▸ Task requirements: No pictures belong in the result; set down exactly the lines from the one containing "Benz C43 Factory" through the final line of the listing, and nothing more.

▸ Information shown:

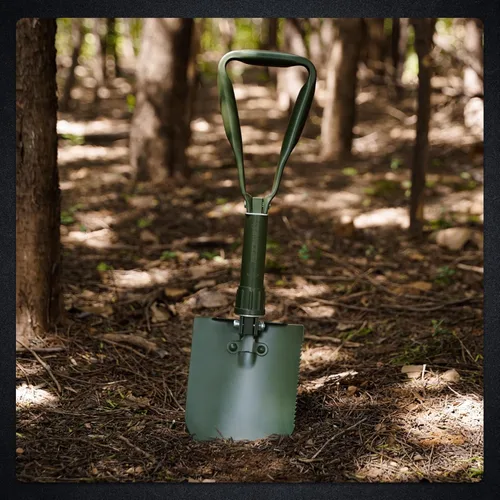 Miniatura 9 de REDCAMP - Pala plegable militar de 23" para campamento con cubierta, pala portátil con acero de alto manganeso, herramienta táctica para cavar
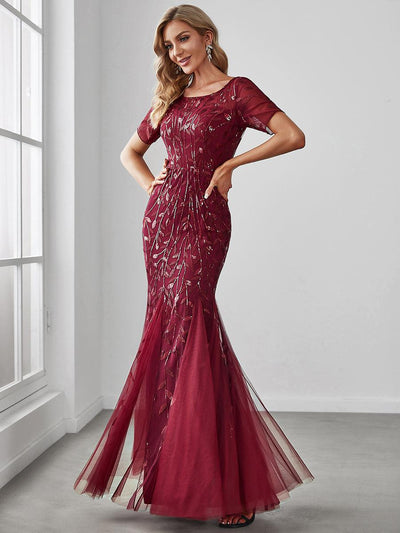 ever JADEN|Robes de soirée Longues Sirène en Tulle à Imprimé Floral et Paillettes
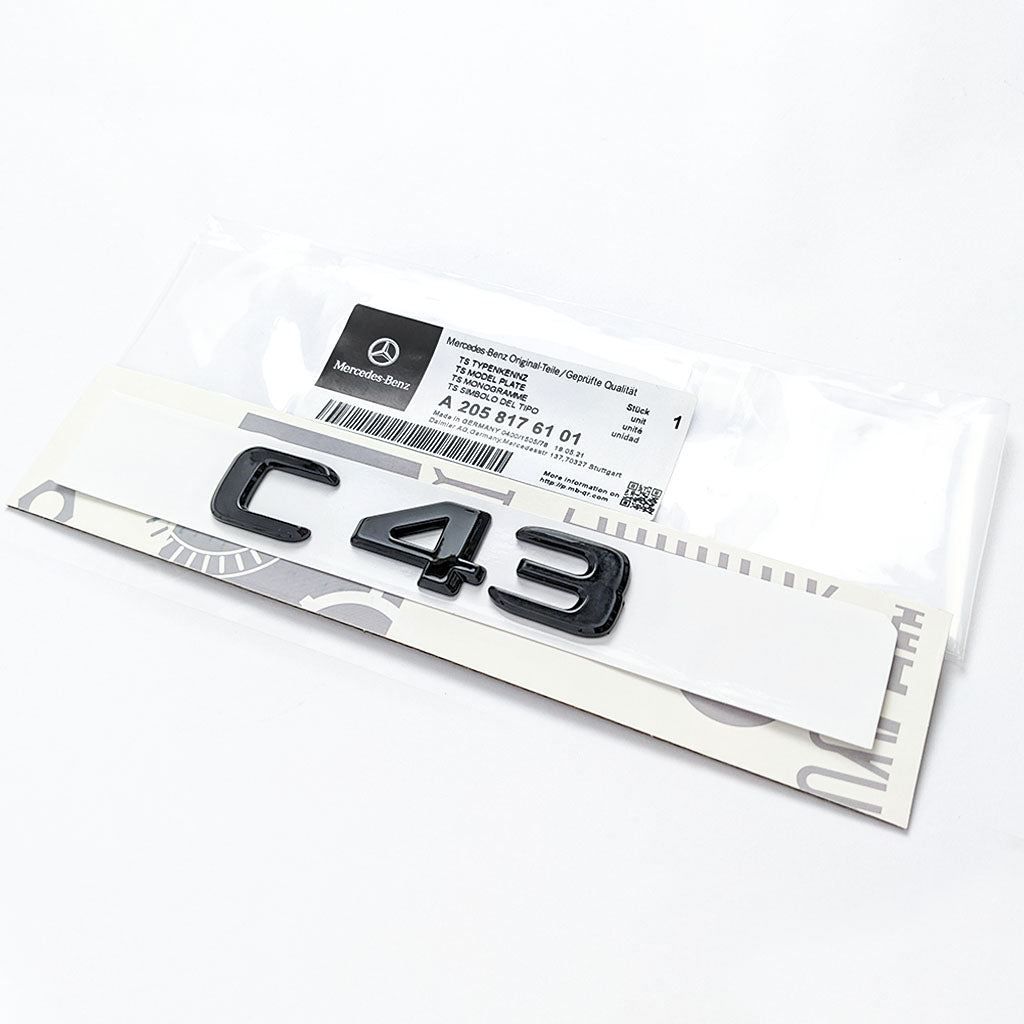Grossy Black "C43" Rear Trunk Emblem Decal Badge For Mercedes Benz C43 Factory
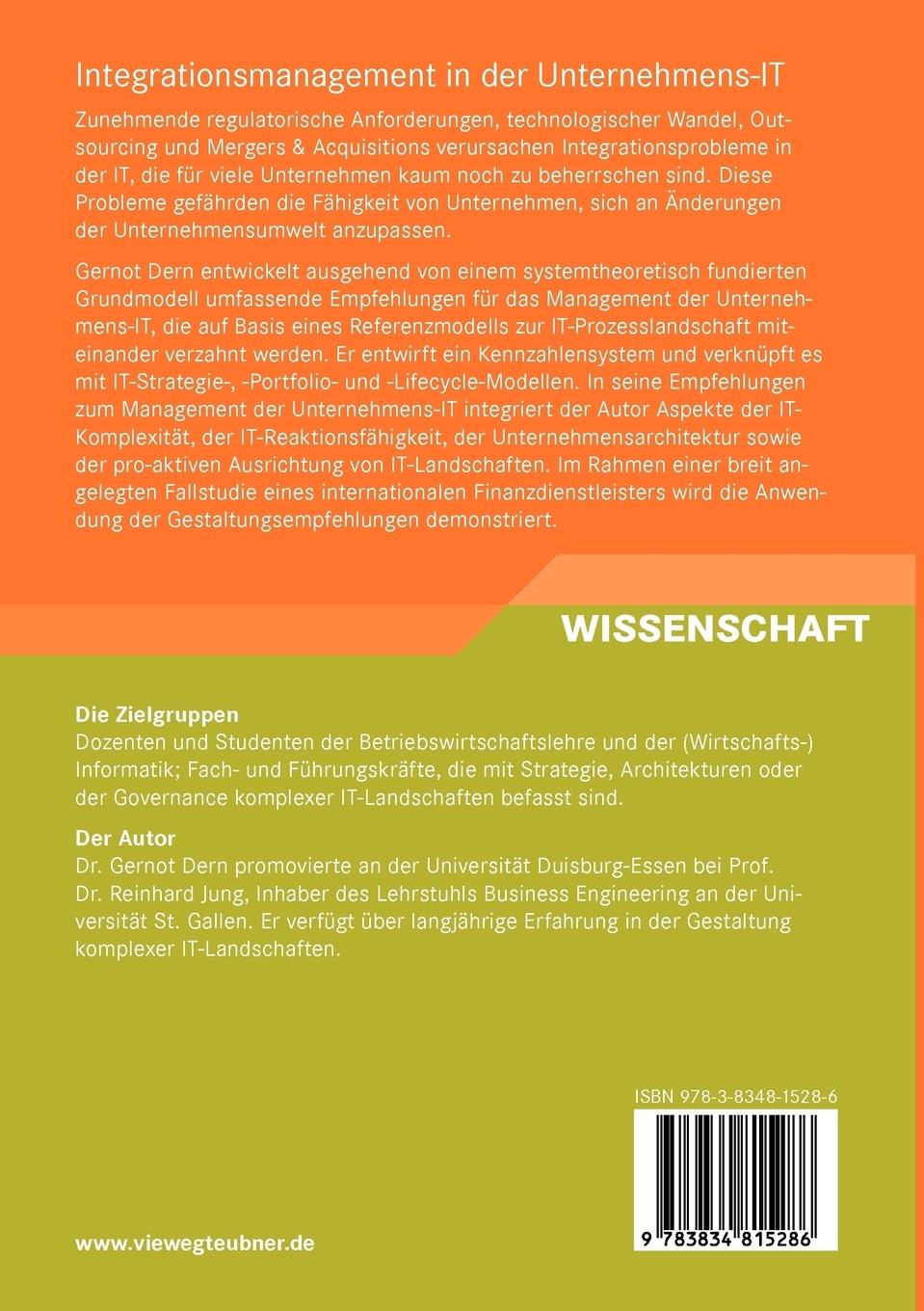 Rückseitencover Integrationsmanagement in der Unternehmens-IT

▸ Response for this exercise:
Grossy Black "C43" Rear Trunk Emblem Decal Badge For Mercedes Benz C43 Factory
 Rückseitencover Integrationsmanagement in der Unternehmens-IT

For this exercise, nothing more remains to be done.